I Want to Learn About …

A Goad

I have a small confession to make. It is this: I am thoroughly dissatisfied with the quality of educational resources on the Internet. I say this both as a learner and as an educator. But before I go on too much more with this rant, I had better define what I mean by the role of a “learner”.

What Is a Learner?

For the purposes of this post, I will define a “learner” as somebody who has a question to which they want an answer. The question can be mundane, or abstruse, or anything in between.

A mundane question could be “When is the next bus to the middle of town due to leave from here?’. A more abstruse question could be “What are good mathematical tools for modelling three dimensional surfaces, and why are some other approaches impractical?”. If you don’t happen to understand the second question, that doesn’t matter: it merely serves to illustrate the abstruseness of the question.

The first question can be answered using Web 1.0 technology, typically by going to the web site of your local bus operator.

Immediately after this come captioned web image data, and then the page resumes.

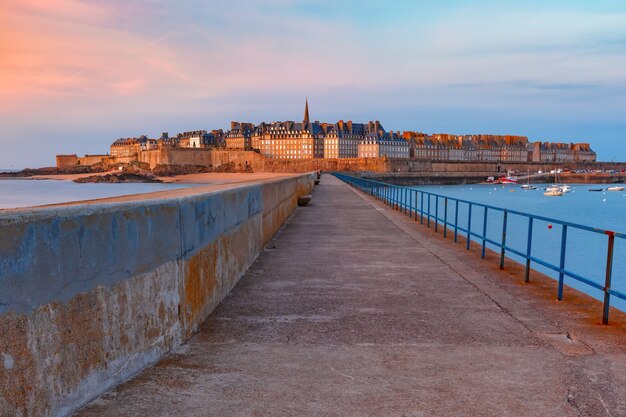 Walled city Saint-Malo with St Vincent Cathedral at sunset. Saint-Maol is famous port city of Privateers is known as city corsaire, Brittany, France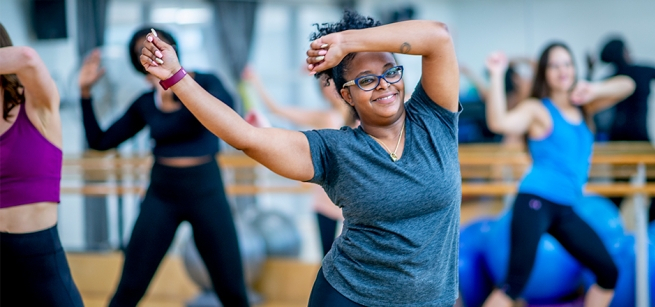 Women are waving their arms while exercising.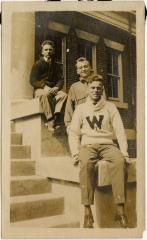 Three students on steps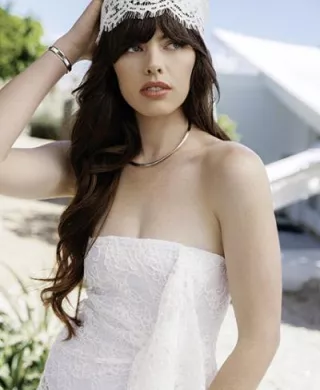 Model poses in strapless lace dress and trendy head wrap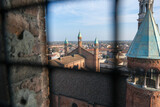 Cremona panorama of the cathedral bell tower from the Torrazzo tower at sunset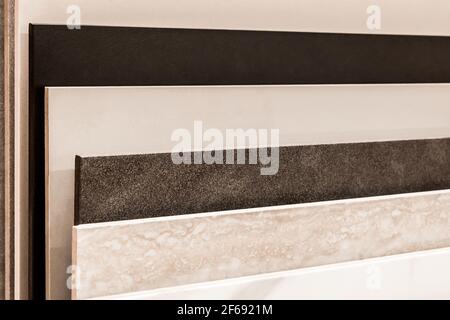 Samples of color interior design ceramic tiles in hardware store. Stock Photo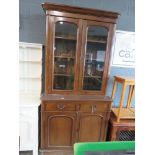 Glazed oak bookcase with cupboard base under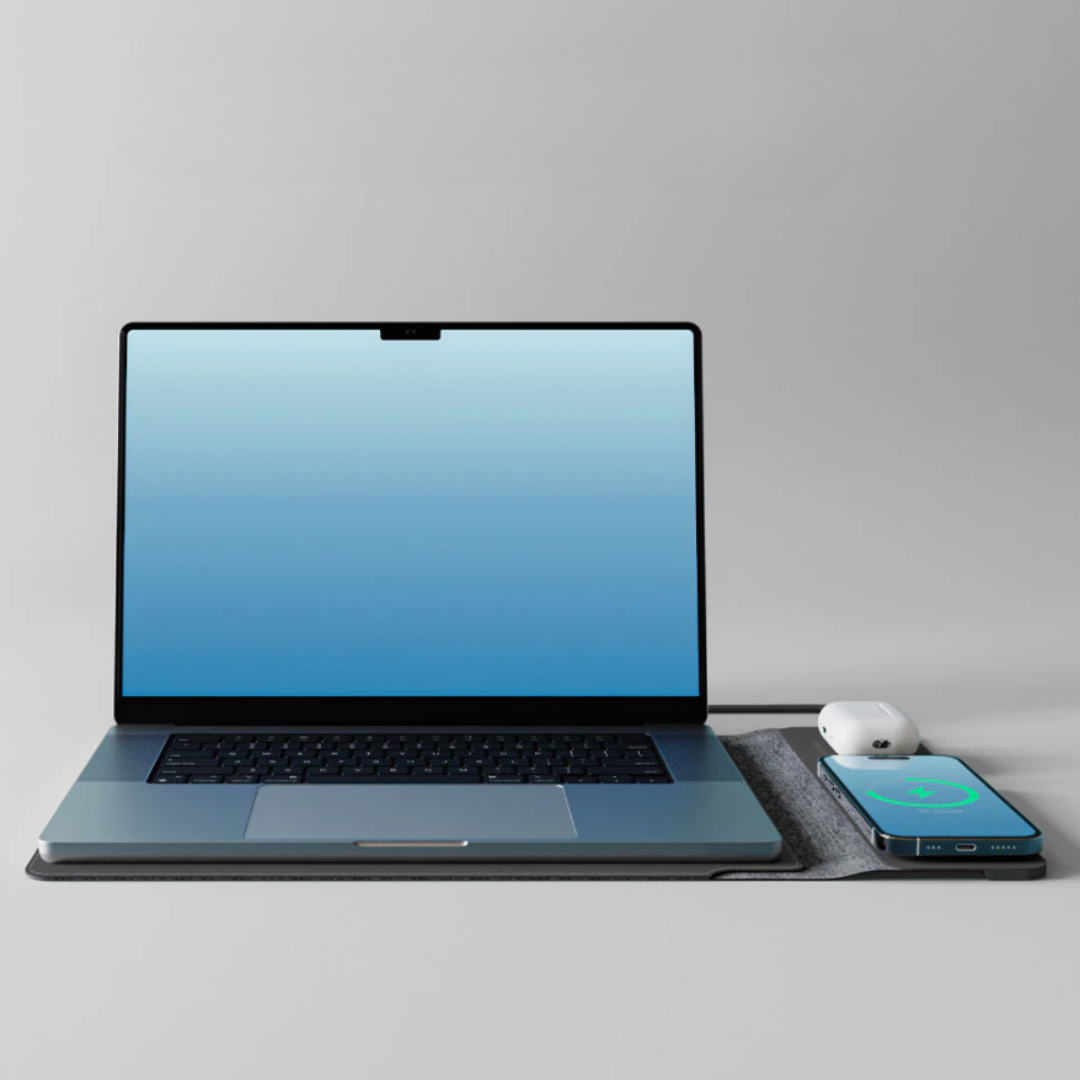 Laptop with a blue screen, mouse, and smartphone on a gray surface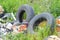 Abandoned old car tires in nature. Garbage dump in nature. Environmental pollution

Getting answers to questions of the second type sometimes leaves me tearing my hair out.

Issues!

I have yet to find an educator who is completely happy with all the existing online educational resources that are available to help them deliver a particular course. I hear instead a cacophony of complaint: “I do not have time to prepare resources to what I would regard as the miminum acceptable standard for my students (and there is nothing suitable that I can find on the Internet).”.

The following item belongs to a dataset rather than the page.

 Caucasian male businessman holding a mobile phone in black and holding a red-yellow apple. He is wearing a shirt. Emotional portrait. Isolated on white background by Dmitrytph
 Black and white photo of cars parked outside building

Using my question about modelling three dimensional surfaces as a starting point, I was initially confronted by a mass of seemingly unrelated facts: the linkages between them took a lot of figuring out. To make matters worse, different authors used different definitions for the same thing: it was only after thinking quite a lot about what these people were saying that I finally understood what was going on. A lot of time and frustration would have been saved if I had found a comprehensive online text on this subject; from what I can find, no such text exists, and I do not have the time to write such as text gratis. (I hear mutterings of “information curation” coming from readers of this post: I will return to this shortly.) I have had similar issues in another area of applied mathematics, as well as in other areas of human endeavour. You may have had similar experiences yourself.

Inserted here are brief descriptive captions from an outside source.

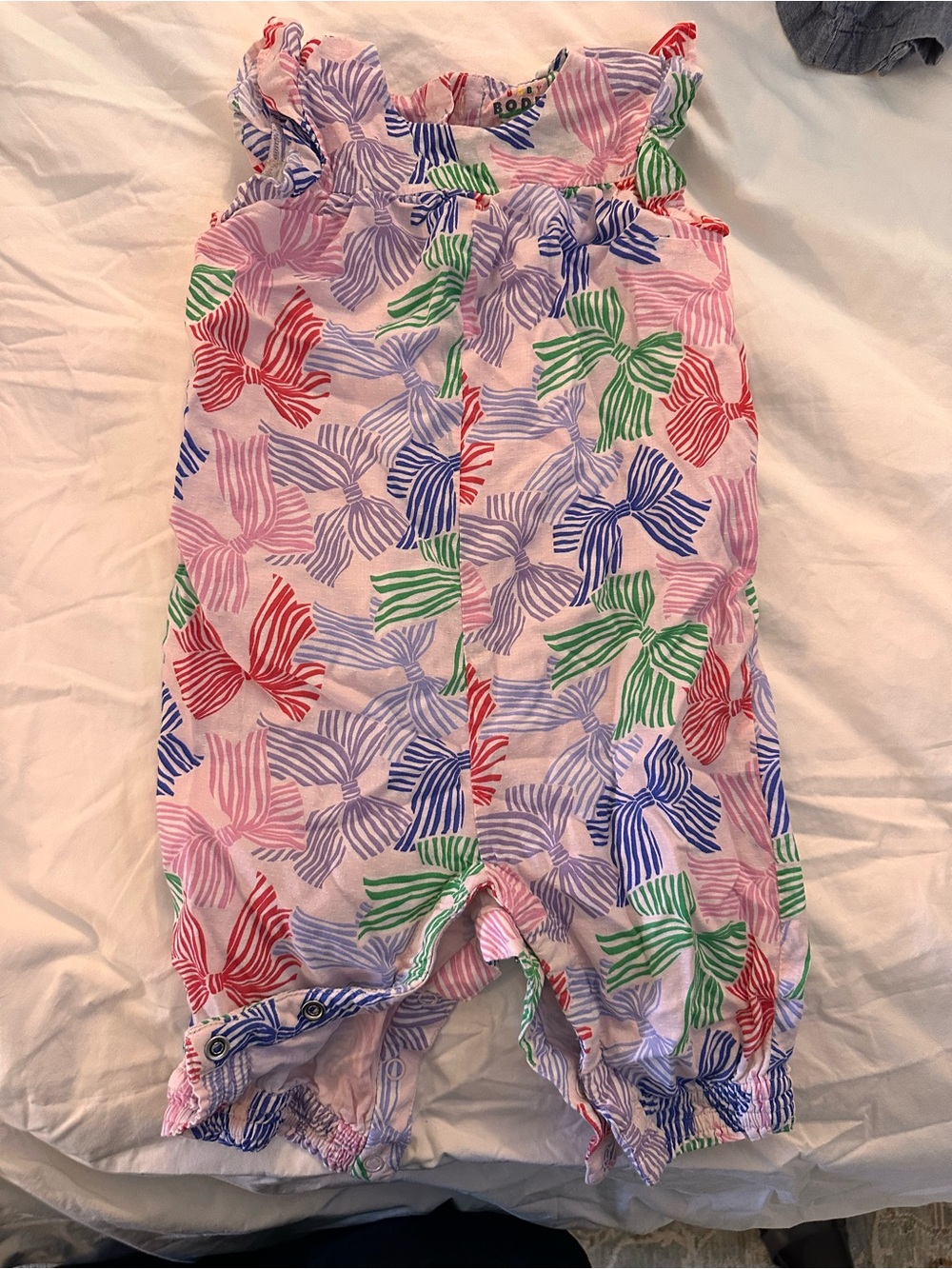 Baby Boden Pink Print Cotton Romper with Green, Blue, and Red bows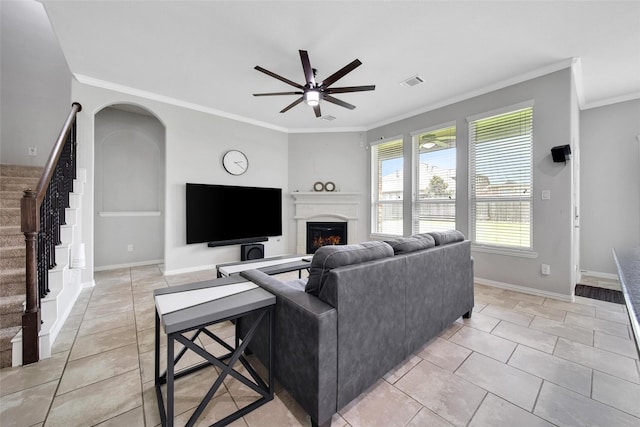 21283 Lily Springs Dr, Porter, TX 77365 - living room featuring ceiling fan, crown molding, a lit fireplace, stairway, and light tile patterned flooring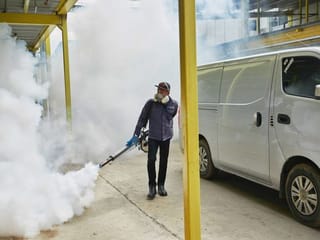 Singapore rushes to contain COVID-19 after record spike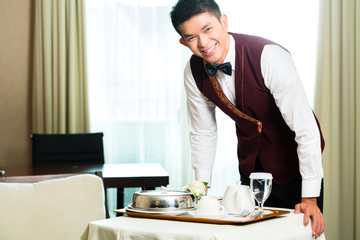 Asian Chinese room service waiter serving food in hotel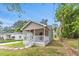 Inviting home exterior with a cozy porch and a well-maintained lawn at 128 W Parker St, Henderson, NC 27536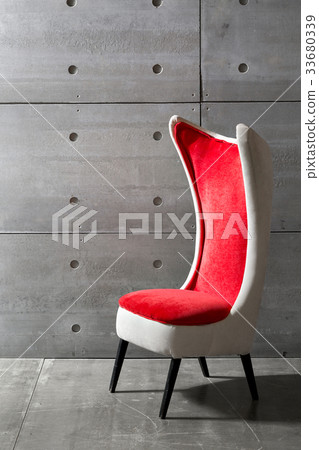 modern red chair and concrete wall. copy space 33680339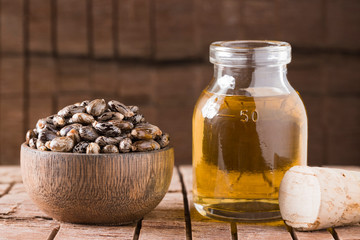 castor oil and seeds, on wooden background © Alexander Ruiz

I had heard about Web 3.0 (or “the Semantic Web”) with its promise of linking together pieces of information, so I poked around in this area. I found a motley collection of tools which, while I am sure that they are very good at doing what they each set out to do, between them offer nothing in the way of joining up the bits of information needed to answer my 3D question, and what is more to do it in such a way as to present all the information in a digestible order.

Just to make matters a little more exciting, we have Sir Ken Robinson’s prospect of individualised learning (as opposed the factory model of teaching), this aided and abetted by learners’ love affair with mobile devices.

Questions!

I will take it for granted that today’s learner expect to be able to ask a question, and to receive a comprehensive, well-informed and lucid reply in response regardless of the nature of the question that they asked. So …

  1. What will it take to reach that position?
  2. Who will be involved?
  3. How long will it take?
  4. Who will manage the process? (Educators? Corporations? Specialists? Individuals? Other?)
  5. Will knowledge curation require subject specialists, or could it be automated? If so, to what extent?

If you feel inclined to respond to any of these questions, I, and perhaps future learners, will be very grateful to you.

4 thoughts on “I Want to Learn About …

  1. Thanks for your comment David. And thanks also for the links. I went to all the web sites you mention, and of those that support searching I asked for both “introduction to second order ordinary differential equations” and “second order ordinary differential equations” and drew a complete blank on all of them when viewed from a learner’s perspective. I also prowled around K3DSurf, but I could not find where it discussed such things as Bézier curves, B-splines, NURBS surfaces, partitions of unity, knot vectors, the relationships between the foregoing, Catmull-Clark subdivision surfaces, and the issues of deriving surface equations from an arbitrary mesh where for each node the normal is defined and also on the surface being defined.

    Perhaps we have a difference of perception?